(Try it) Output the whole listing exactly, with no pictures.

= Beginning of Section =

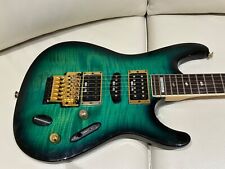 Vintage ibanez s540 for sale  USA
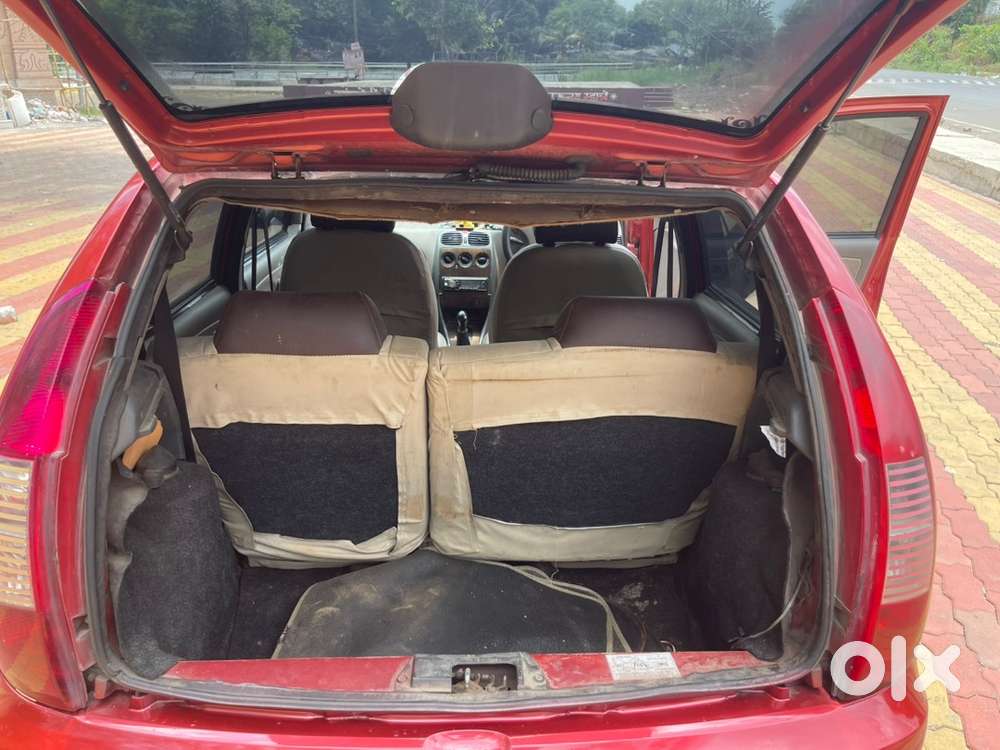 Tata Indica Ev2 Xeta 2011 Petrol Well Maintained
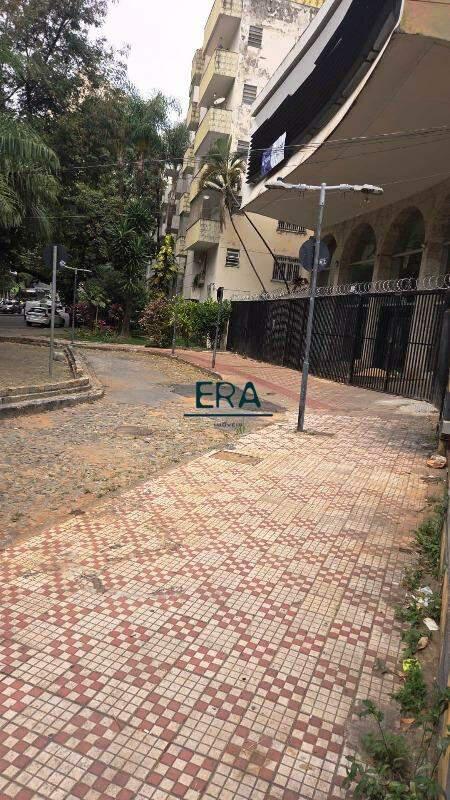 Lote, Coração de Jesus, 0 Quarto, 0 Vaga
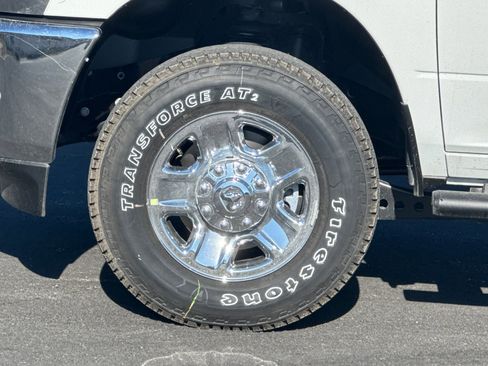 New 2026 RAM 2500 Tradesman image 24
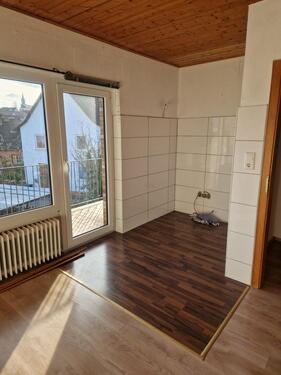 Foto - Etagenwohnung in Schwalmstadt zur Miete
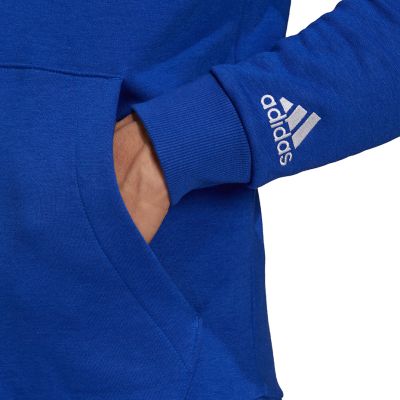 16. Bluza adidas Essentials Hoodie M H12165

= End of Section =

(Solution)
 Vintage ibanez s540 for sale  USA
 Tata Indica Ev2 Xeta 2011 Petrol Well Maintained
 Lote, Coração de Jesus, 0 Quarto, 0 Vaga
 New 2026 RAM 2500 Tradesman image 24
 Foto - Etagenwohnung in Schwalmstadt zur Miete
 16. Bluza adidas Essentials Hoodie M H12165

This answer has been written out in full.